A German-based biopharmaceutical company has just released the first patient clinical trials of a new cancer vaccine that is showing positive results. Perhaps that’s why CureVac N.V.’s stock has risen close to 100 points this year. Scientists explain the vaccine isn’t yet targeted to prevent all cancers but has been developed as a treatment to shrink tumors or prevent a recurrence of the disease. Medical experts say this represents a turning point, especially for lung, breast, skin, and one of the most challenging cancers of all – pancreatic.

Doctors have long recognized that vaccines work against many infectious diseases; until recently, vaccines have not played a critical role in the broad category of cancer. Scientists claim the goal is to optimize immunity by training the patient’s white blood cells to recognize a foreign body like a growth or lump. Once that is identified, the vaccine triggers a reaction that targets the cancerous cells while leaving healthy cells alone. These tumor antigen vaccines are known as “secondary prevention” treatments.

“More than ever, scientists understand how cancer hides from the body’s immune system. Cancer vaccines, like other immunotherapies, boost the immune system to find and kill cancer cells,” according to the Associated Press. This method is a slightly different use for a vaccine because the goal is to keep cancer from growing or recurring.

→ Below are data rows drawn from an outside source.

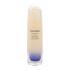 Shiseido Vital Perfection Liftdefine Radiance Serum Arcszérum nőknek 40 ml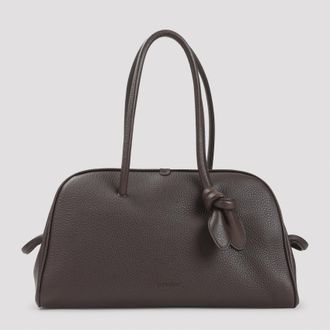 Jacquemus Borsa Jacquemus Le Turismo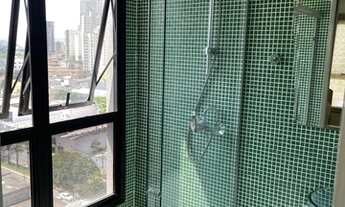 Imagem 4: Apartamento - Jardim Anália Franco - 70,00 m2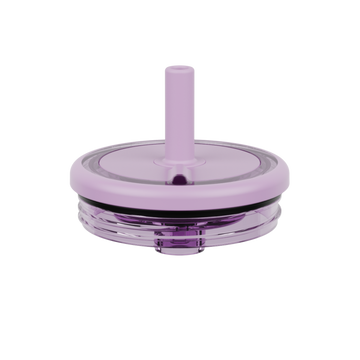 Era Replacement Lid 20oz | Lavender - Active Travel-Kit
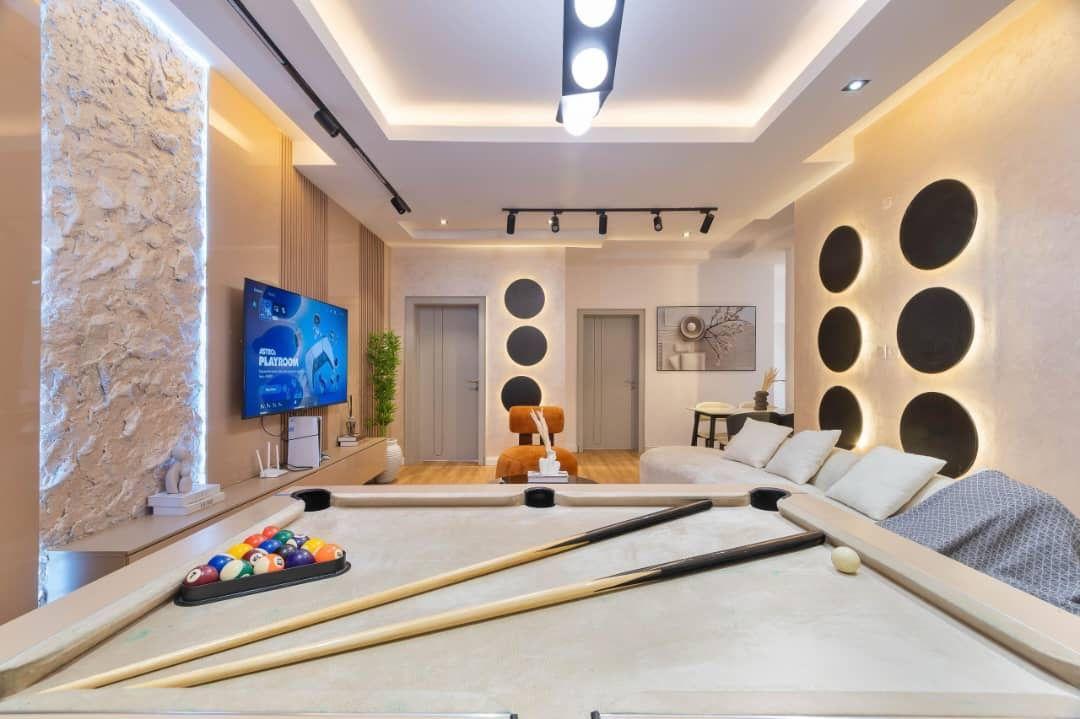 https://image.cityspacesandbookings.com/apartments/6841704c54d71424f2ec1738/other/81136251-29c1-4a05-951f-e56f6eb77108.jpeg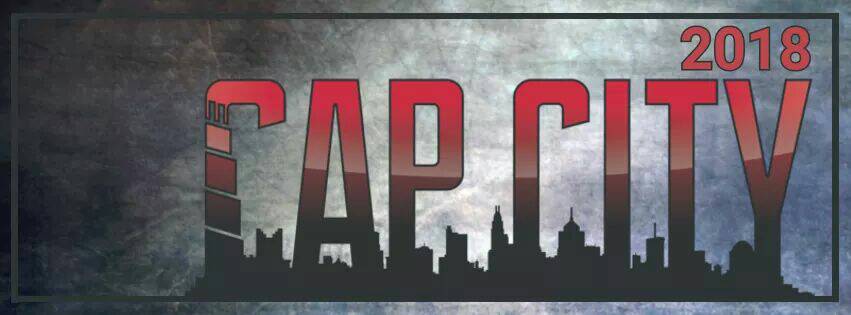 tikuwa0302's tweet image. この度あるご縁によってCap City Percussionというチームでwgiに参加させていただくことになりました。
日本での活動は全国大会までになりますがこの機会に多くの経験をしてきたいと思います。
ということで12月の下旬に渡米します！🇺🇸
#ccp18 #wgi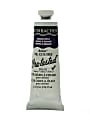 Grumbacher P061 Pre-Tested Artists' Oil Colors, 1.25 Oz, Dioxazine Purple, Pack Of 2 1 thumbnail image
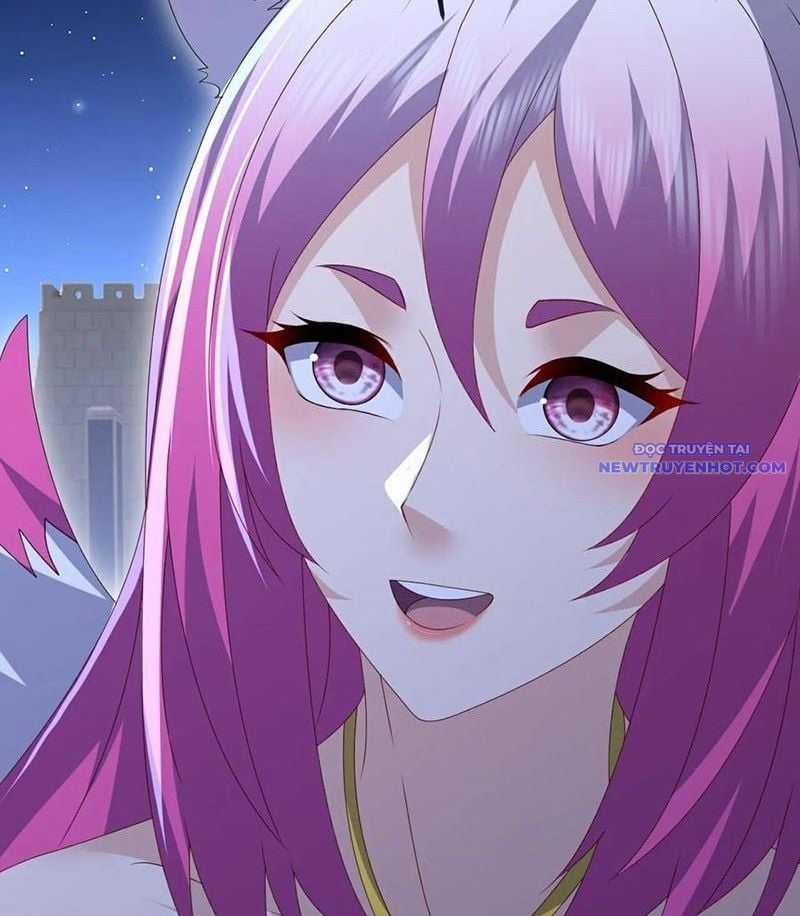 Tiên Võ Đế Tôn Chapter 772 trang 103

Cancer Vaccine Breakthroughs

Provenge was the first vaccine therapy used to treat spreading prostate cancer. Researchers harvested a patient’s healthy immune cells and re-entered them into the body by intravenous therapy. It didn’t work well in 2010 when Provenge was approved, but scientists learned a lot – mainly concluding that they had been starting too late with the vax therapy when the patient’s immune system was already compromised.

“Early cancer vaccine research faltered as cancer outwitted and outlasted patients’ weak immune systems,” Olja Finn, a researcher at the University of Pittsburgh School of Medicine, told AP. Still, this is an expansive way of looking at cancer and is recognized as the new frontier in research. Liver cancer, for example, has been prevented with a Hepatitis B vax; more recently, HPV vaccines have been widely used to prevent cervical cancer.

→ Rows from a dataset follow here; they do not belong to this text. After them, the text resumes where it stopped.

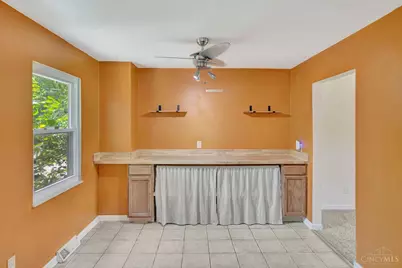 226 Goodrich Lane, Cincinnati, OH 45233 - Photo 17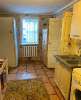 Сдам дом в Ростове на Дону, Александровка, Школьная ул. 13, 70 м², 2 сотки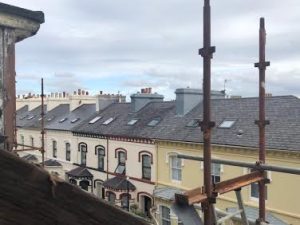 rooftops-from-dormer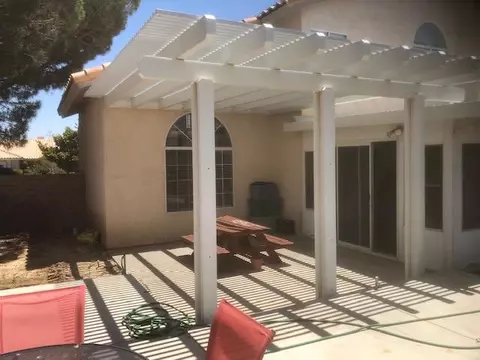 44533 Shadowcrest Dr, Lancaster, CA 93536 photo 16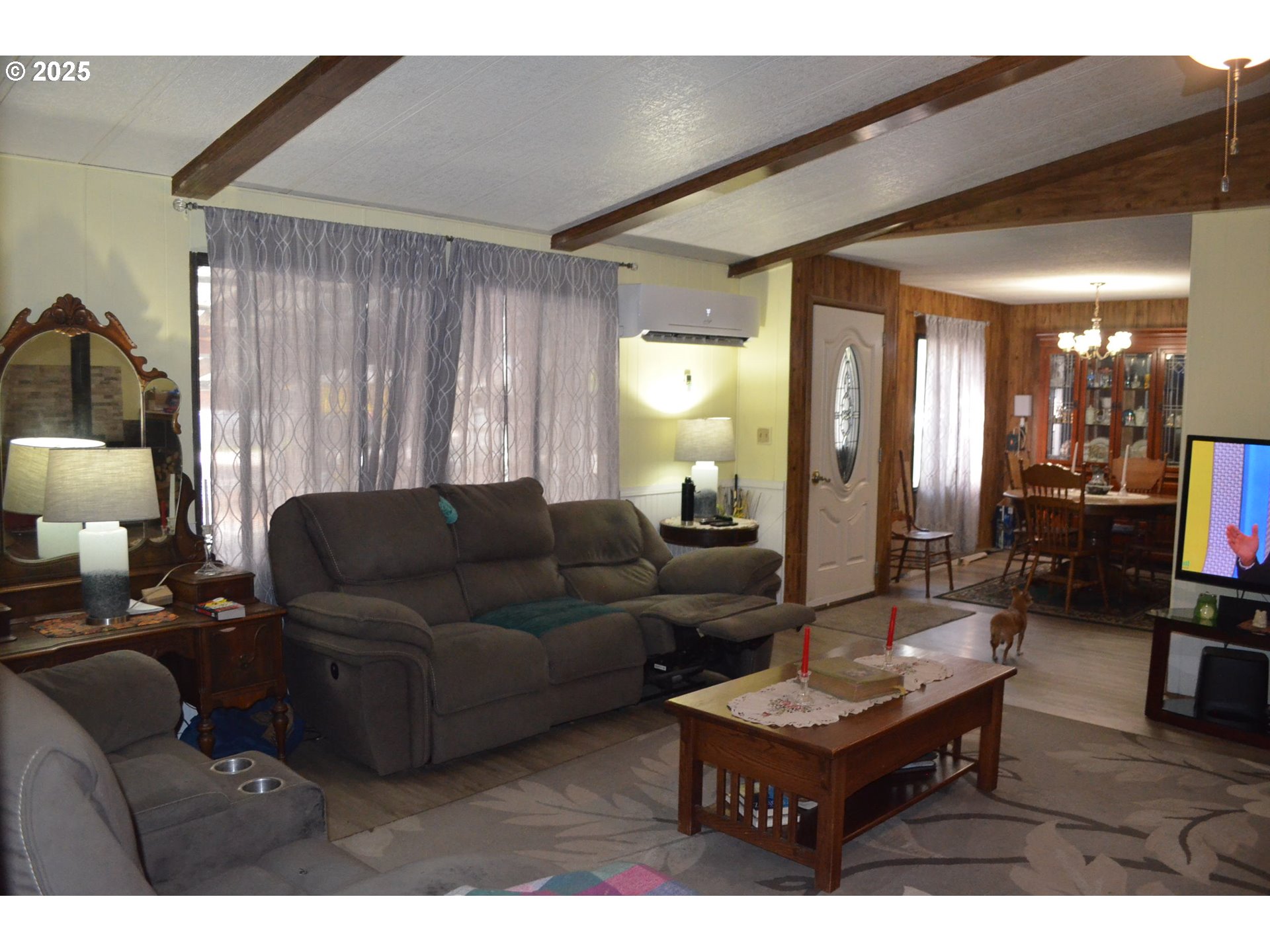 136028 Highway 97 Crescent, OR 97733 - Photo 22 of 48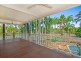 88 Tobin Road, Howard Springs NT 0835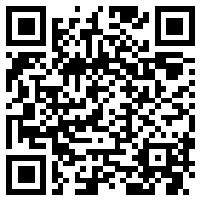 QR Code for bitcoin:dash:XddcJfKmcfyNBEiPoGZb8k5ttydeqjCTmd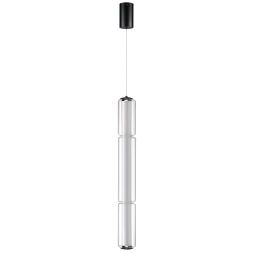 Подвесной светильник ODEON LIGHT FAU 6698/19L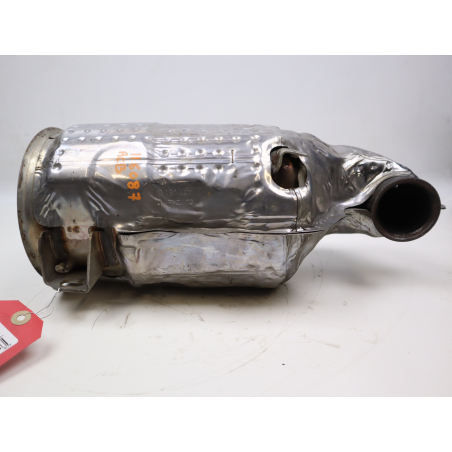 Catalyseur occasion PEUGEOT 208 Phase 1 - 1.6 E-HDI 92ch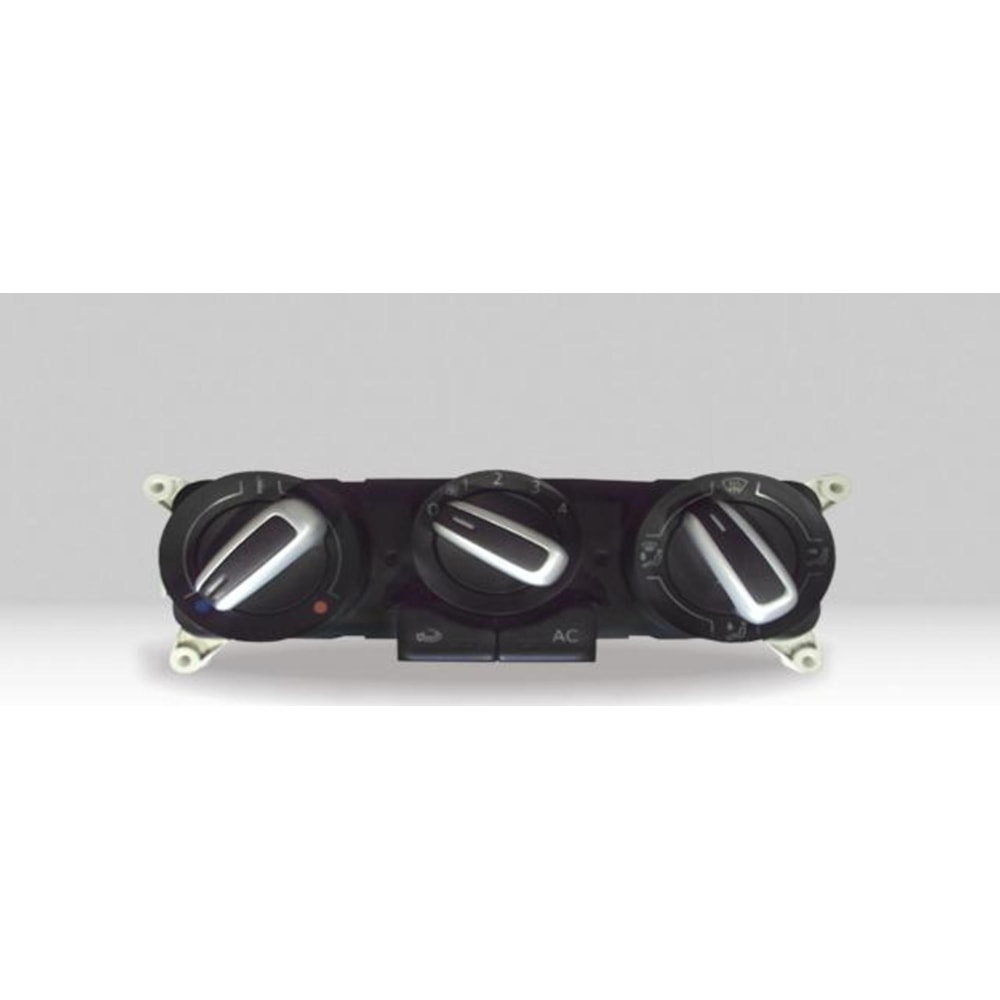 Product main image - 8f2bf389-dfba-41ba-8bbe-21e5c72cb60e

Although the idea of this medical protocol was published as far back as 2007 in the National Library of Medicine, studies are now taking place with those in the initial stages of cancer, like ductal carcinoma in situ, an early form of breast cancer. During the intervening years, researchers have been trying to teach the T cells in a patient’s body how to recognize, hunt down, and kill cancer cells.

CDC graph

Credit: CDC

Memorial Sloan Kettering Cancer Center pointed out, “These vaccines have two main ingredients: distinctive markers called antigens that distinguish cancer cells from normal cells and a chemical ‘red flag’ called an adjuvant that alerts the immune system that cancer is present. When injected, this powerful combination jump-starts an immune response to the cancer. Immune cells can then find and destroy cancer cells in the body.”

Aside from these, the Food and Drug Administration has approved three vaccines to treat cancer. BCG live is used in early-stage bladder cancer, Sipuleucel-T is approved for prostate cancer, and Talimogene laherparepvec is used for melanoma.

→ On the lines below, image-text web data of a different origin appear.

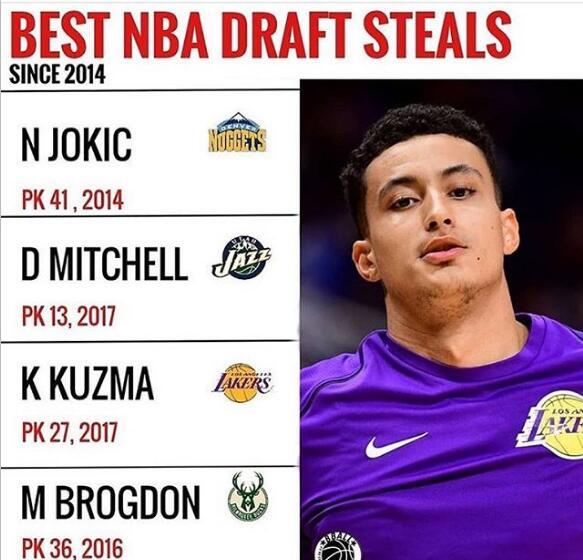 最新夺宝,高科技产品的璀璨新星引领生活体验重塑之路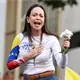 León XIV recibe en El Vaticano a los presidentes de Brasil y Chile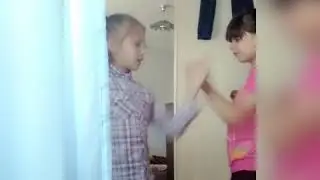 Заходите в приложение LIKE мы там есть Поля magic и Ксеня magic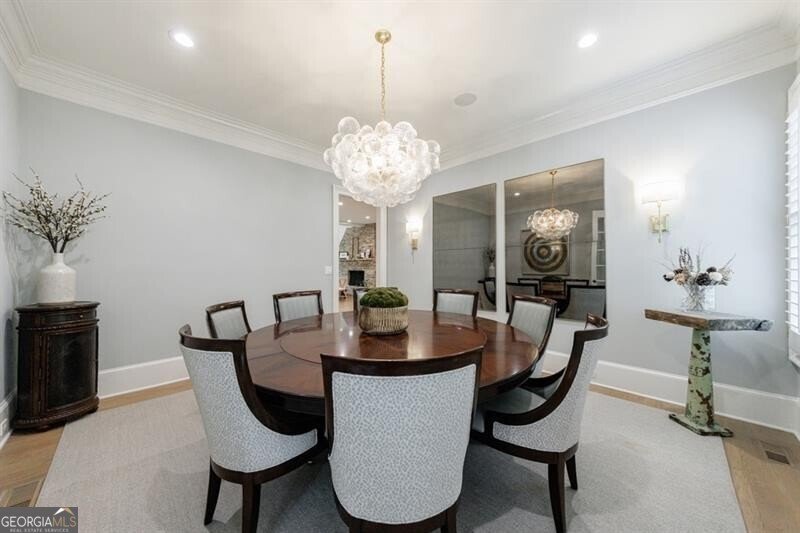 4500 Candacraig Johns Creek - 6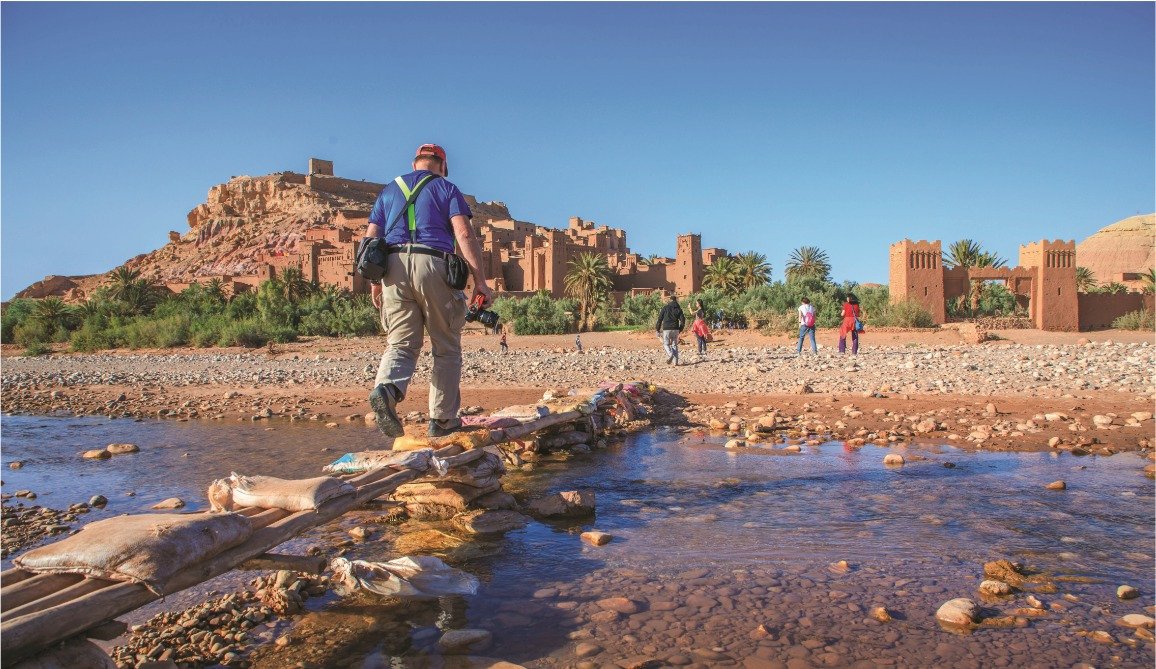 tourisme-:-« associated-press »-consacre-un-grand-reportage-a-ouarzazate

Finding a cure for cancer has always been a heavy lift for medical researchers, but their progress is undeniable. According to the Centers for Disease Control and Prevention, cancer death rates have dropped 27% from 2001 to 2020. The leading cause of death was lung cancer, with men outpacing women by 16%. If administered early, a vaccine that could halt the spread of such a menacing disease, and add years to the lives of those who contract it, would be a real game-changer.